## DIRECTIONS FOR THIS TASK:
Instruction for the entries that follow: retype exactly the lines from the line with "Natural - Image 6" to the line with "1 CTW 14k Pear", both included, and omit all others.

[Collected data]

Content starts

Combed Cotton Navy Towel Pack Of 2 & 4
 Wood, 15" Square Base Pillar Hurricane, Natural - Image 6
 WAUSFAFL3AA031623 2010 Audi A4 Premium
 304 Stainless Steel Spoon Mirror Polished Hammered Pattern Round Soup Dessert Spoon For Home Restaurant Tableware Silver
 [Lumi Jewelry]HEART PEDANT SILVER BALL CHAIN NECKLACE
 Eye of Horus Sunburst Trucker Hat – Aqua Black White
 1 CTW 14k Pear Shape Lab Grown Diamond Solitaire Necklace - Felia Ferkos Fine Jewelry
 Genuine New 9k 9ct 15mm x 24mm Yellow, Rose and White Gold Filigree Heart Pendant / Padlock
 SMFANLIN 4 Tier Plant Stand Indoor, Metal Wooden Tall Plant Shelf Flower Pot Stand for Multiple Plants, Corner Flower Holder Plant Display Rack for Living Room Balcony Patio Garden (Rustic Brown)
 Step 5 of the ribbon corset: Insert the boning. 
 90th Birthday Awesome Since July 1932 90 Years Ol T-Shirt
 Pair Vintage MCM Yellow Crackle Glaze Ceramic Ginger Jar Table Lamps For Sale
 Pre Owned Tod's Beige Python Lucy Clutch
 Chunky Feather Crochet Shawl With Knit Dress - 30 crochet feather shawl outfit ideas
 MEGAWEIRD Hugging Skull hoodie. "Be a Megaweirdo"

Content ends

## THE ANSWER:
 Wood, 15" Square Base Pillar Hurricane, Natural - Image 6
 WAUSFAFL3AA031623 2010 Audi A4 Premium
 304 Stainless Steel Spoon Mirror Polished Hammered Pattern Round Soup Dessert Spoon For Home Restaurant Tableware Silver
 [Lumi Jewelry]HEART PEDANT SILVER BALL CHAIN NECKLACE
 Eye of Horus Sunburst Trucker Hat – Aqua Black White
 1 CTW 14k Pear Shape Lab Grown Diamond Solitaire Necklace - Felia Ferkos Fine Jewelry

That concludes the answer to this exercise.